Teachers pursue new path


Heather Reid

Faculty members Breana Davey, Rebecca Matoska, and David Thompson have announced they will not return to school next year.

Caroline Scott, Staff Writer

As the blare of the buzzer fills the gym, it signals the end of boys’ assistant varsity basketball coach David Thompson’s run and the end of the team’s season. The team lost 37–35 to Melbourne Central Catholic High School at the FHSAA 3A District 5 playoffs on Feb. 8.

“I wanted to be there for the team,” Thompson said. “It wasn’t a ‘me’ thing.”

Thompson, who began teaching English in 2021, will marry 2018 alumna Jasmine Greathouse on June 4, and the two will move to Atlanta on June 17. 

“It’ll be interesting to no longer be a Florida orange and be a Georgia peach,” he said. “[My fiancèe and I] are going to be farther away from family than normal, and that’s going to be a challenge, but it’s something we’re going to embrace.”

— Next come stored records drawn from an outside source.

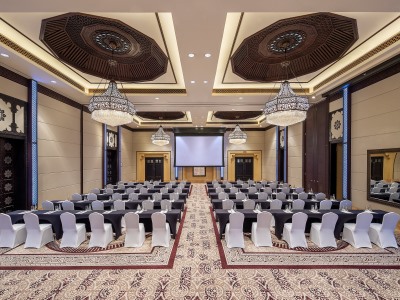 conference room 2 - hotel qasr al sarab desert resort by anantara - abu dhabi, united arab emirates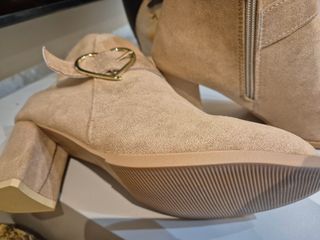 Botines color beige o camel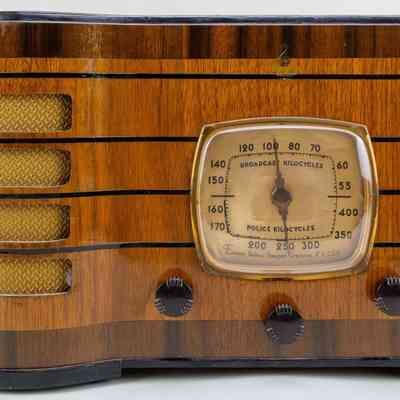 Emerson AM/Police Band Radio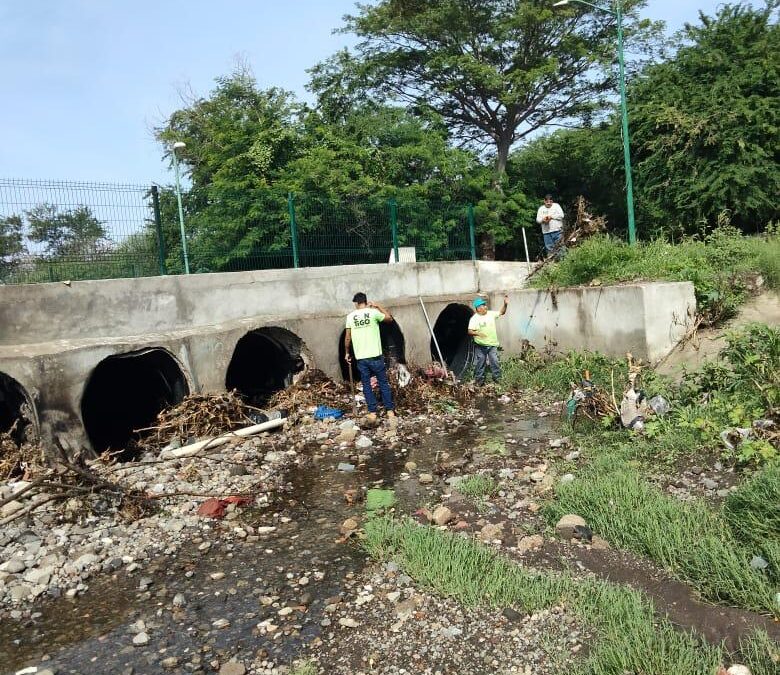 GOBIERNO DE RIULT RIVERA DESAZOLVA Y REHABILITA ALCANTARILLAS Y VADOS TRAS INTENSAS LLUVIAS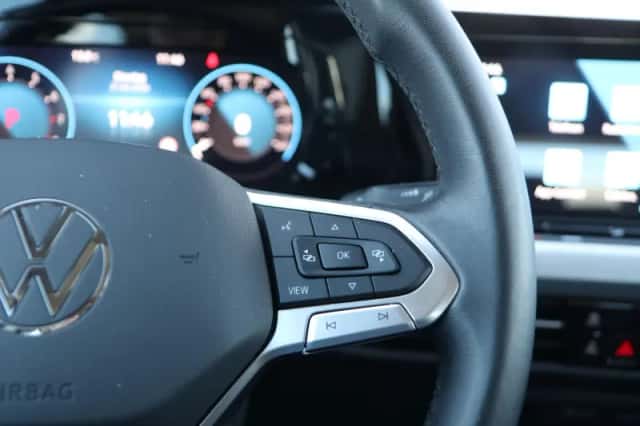 Volkswagen Golf (2023) thumbnail 22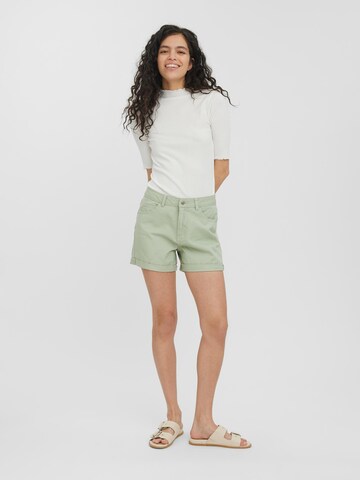 VERO MODA Regular Shorts in Grün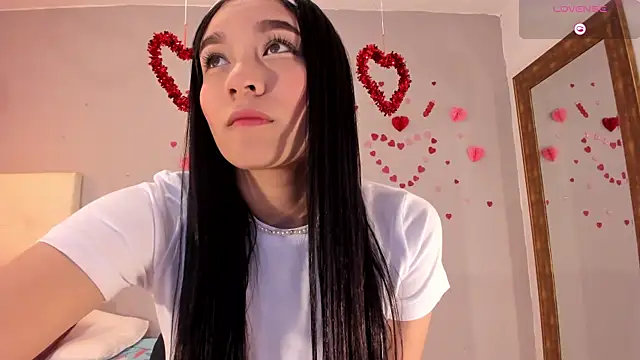 Maia W10 online show from February 19, 12:13 pm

Freshman Drew Newlin, who is a JV basketball player, said Thompson helped him develop a love for the sport.

“Last year, I was thinking, ‘Maybe I’ll play,’ and then he [said], ‘If you want to play, you’re going to have to step up your game,’” Newlin said. “He helped me become a better player. It will be hard to replace such a great guy. It’ll leave a hole in my heart because I really like him.”

Theater teacher Breana Davey will also not renew her teaching contract. She will return to the University of Central Florida to complete her master’s degree in Instructional Design and Technology. 

“I would like to do more research-based stuff and be behind the scenes rather than on the frontlines of teaching,” Davey said.

Swim coach and testing coordinator Rebecca Matoska will move to Virginia.Junior and swimmer Taylor Reid said Matoska is an important part of the team.

“[Matoska] builds you up throughout the year and gets you to a point where at the end of season, you’re the best you can be,” Reid said. “She has been a good support system, someone that, if I feel like I need to talk to someone or get guidance, I can meet up with her.”

Thompson will pursue entertainment writing with the company TheDirect.com, for whom he has written freelance since 2020. He will be promoted to Senior Editor in June.

“When I was a kid, I never knew what I wanted to do, but I was obsessed with the news and sports announcing,” he said. 

Davey participated in theater productions when she attended Viera High School. She applied to teach English but filled former theater director Maureen Fallon’s position when Fallon retired. 

“I planned on switching over to the English department, but as I taught theater, I fell in love with it,” Davey said. “I didn’t start this job with a love for theater, I am leaving it with such a passion for it.”

Junior Ryla Underwood was Davey’s student for Theater 1 and 2. 

“I love that she brings so much positivity to the program,” Underwood said. “She has given me many opportunities and made me more comfortable and confident.”

Davey said leaving is “bittersweet.”

“While I’m young, I need to try to get my education,” Davey said. “I’ve grown close to my thespians. They have been understanding, sweet and supportive.”

Thompson said he has been able to grow with his students.

“It was never my plan to teach first thing out of college,” he said. “It’s just what I found myself doing and having another passion for. I had the pleasure of having students in ninth grade that I taught in eighth grade, which was satisfying.”

Thompson taught Newlin for two years. 

“He’s nice and helpful, and I have a good time in his class,” Newlin said. “His lessons are interesting.”

Principal Rick Fleming said the political environment has influenced teacher turnover. Two-thirds of the faculty have been replaced since 2020.

“I’m happy for [Davey and Thompson] but also sad,” Fleming said. “The battleground for politics is K–12 education, and teachers didn’t sign up for that.”

The Florida Education Association reported 5,294 teacher vacancies in January. 

“Ten years ago, I would have forty applicants for every position,” Fleming said. “My pool of who I’m considering is four [people] when it used to be maybe a dozen or more. The good thing about West Shore is that teachers want to teach here because students want to learn.”

Fleming will assemble teams of department heads and curriculum resource specialists to aid in assessing applicants for teaching positions this summer.

“I want the teacher perspective in the interview process, not just [administration],” Fleming said. “We’re not going to have the same Thompson or Davey, but we will do the best we can.”